• YOUR OBJECTIVE
An exact copy of all the data below is needed.

• MATERIAL PROVIDED
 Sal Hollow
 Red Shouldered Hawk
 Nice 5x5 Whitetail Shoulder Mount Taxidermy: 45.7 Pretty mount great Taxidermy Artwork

• EXERCISE RESPONSE
 Sal Hollow
 Red Shouldered Hawk
 Nice 5x5 Whitetail Shoulder Mount Taxidermy: 45.7 Pretty mount great Taxidermy Artwork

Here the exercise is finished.